Flood warnings were issued Friday by the National Weather Service for points along the Congaree River. A flood advisory has also been issued for downtown Columbia.
According to Leonard Vaughn, a hydrologist with the National Weather Service, the accumulation of rain in river basins across South Carolina has caused the rivers to rise.
“Eventually, all that water flows down into South Carolina and causes the rise of the river,” he said.
Although flood warnings are usually a cause for concern, that is not the case in the Congaree National Park.
“It’s a floodplain, flooding is a natural event here,” said Jon Manchester, an interpretive ranger at the park. “It’s supposed to happen here, it’s what makes this landscape what it is. We wouldn’t have it without the flooding.”
The flooding is natural, but it will have an impact on the park’s accessibility. The back country trails have already flooded.
While there is a sign at the visitor’s center indicating which trails are currently closed, trails and other areas will not be marked by rangers if they are flooded.
“We don’t really have any issues with anybody going out into the flooding just because nobody wants to walk for miles, and miles and miles in water. It can get pretty deep in places, too, and you can’t see,” said Manchester.
For the downtown Columbia area, an advisory has been issued.
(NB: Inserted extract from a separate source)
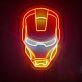 Iron Man Neon Sign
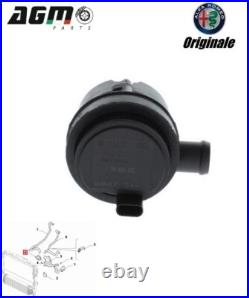 Pompe À Eau Supplémentaire Originale Alfa Romeo Giulia Stelvio 2.2 D 51975685 Pompe À Eau Supplémentaire Originale Alfa Romeo Giulia Stelvio 2.2 D 51975685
“That’s mainly for areas around the Riverwalk, because when the river gets around ten feet or higher, parts of the Riverwalk begin flooding,” said Vaughan.
The National Weather Service will continue to monitor situations and administer updates as the situation continues.
According to Vaughn, the rainfall levels in the region over the last few months impact Columbia once it has flowed down the river.
While some boardwalks have flooded already, some of the more elevated boardwalks would have to see water levels similar to the 2015 floods in Columbia to close.
Minor flooding at the Riverwalk can cause water levels to rise enough to submerge sidewalks, and even staircases.